GAO denies compliance programs cut fraud
GAO denies compliance programs cut fraud
Hospitals struggle to get a handle on the direct and indirect costs of compliance, study finds
Based on a survey of 25 hospitals, researchers at the General Accounting Office (GAO) have concluded there’s no evidence to suggest that compliance programs have helped to cut the incidence of Medicare fraud.
In its report, the agency did qualify its conclusion by pointing out that Medicare providers generally aren’t required to report on these programs and even if they were there is no generally-accepted definition of what constitutes such a program. Even so, the Health and Human Services Office of the Inspector General (OIG) responded critically to the GAO’s findings, claiming that compliance plans have "significantly advanced" corporate compliance with federal health care requirements.
As evidence, OIG cited a drop in improper Medicare payments from $23.2 billion in 1996 to $12.6 billion in 1998. The agency conceded that there is no "empirical evidence" that ties this decline to the growing number of compliance programs but argued it is "a significant contributing factor."
"We do believe that compliance plans are an appropriate tool to use," says OIG spokeswoman Judy Holtz. "That’s why we’re devoting so much time and energy into developing them for all of the various health care entities."
Congress recently asked the agency to answer three questions about these programs: How prevalent are they? How much do they cost? And how effective are they?
There’s no question that compliance plans are becoming standard in the industry. Indeed, a recent survey by the Chicago-based American Hospital Association shows 96% of all hospitals either have a plan in place or one in the works. And roughly 2,000 hospitals have agreed to implement certain compliance procedures to settle billing disputes under the False Claims Act, according to the GAO.

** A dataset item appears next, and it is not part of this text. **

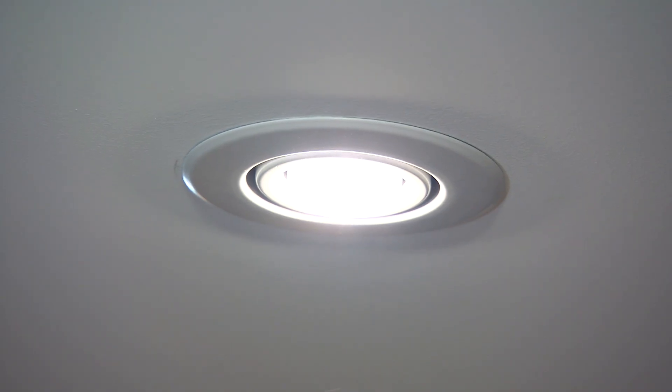Years ago, we always had that center light in the middle of the room, and all of a sudden pot lights came into our world. It's enhanced lighting, it's beautiful lighting — light the picture on the wall, over the island. And there are a lot of pros and cons about pot lights.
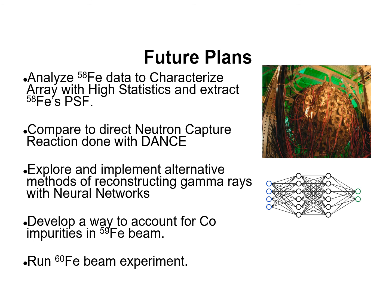Our future plans are to finish analyzing the Iron-58 data. We also wish to compare to a direct neutron capture reaction experiment done at DANCE at Los Alamos. We want to continue to explore and implement alternative methods of reconstructing gamma rays using neural networks. We are currently developing ways to account for cobalt impurities in Iron-58 radioactive beams, and in the future, an Iron-60 beam experiment will be conducted.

Only five of the 25 hospitals examined by the GAO had fully implemented their compliance program. But most of the hospitals also reported that they felt compelled to implement "more extensive compliance procedures" than those that are required by the Federal government.
In the study, the ability of hospitals to gauge the costs of these programs varied dramatically. In fact, 60% of the hospitals surveyed do not yet budget for compliance activities and most reported some difficulty distinguishing between direct and indirect costs. One direct cost many hospitals pointed to was annual salaries. But that figure ranged from $15,000 (10% of an executive’s annual salary at a mid-sized hospital) to $2.5 million (four attorneys and staff at a large hospital system). The direct cost most frequently cited was audits. And that figure ranged from $17,000 to $3.8 million a year.
Evidence about the effectiveness of compliance programs was equally tough to come by, according to the GAO. The most direct measure of success is the prevention of improper Medicare payments. But lack of baseline data makes this difficult. Instead, the agency says the OIG will continue to rely on a variety of indirect measures such as refunds of provider-identified overpayments and self-disclosures as measures of success.
But even data for those two measures are anecdotal at best, according to the GAO. And if compliance programs are truly effective in preventing misconduct, the use of these measures will decrease over time rather than increase. In addition, the GAO reported that most of the hospitals surveyed do not view formal disclosure as a viable option.
According to the GAO, the "major intangible indicator" cited by hospitals is "an increased corporate awareness" of compliance. This awareness is reflected by frequent calls to compliance staff and hotlines for guidance. Likewise, almost all of the hospitals surveyed told the GAO they believe these programs will reduce their liability under fraud and abuse statutes.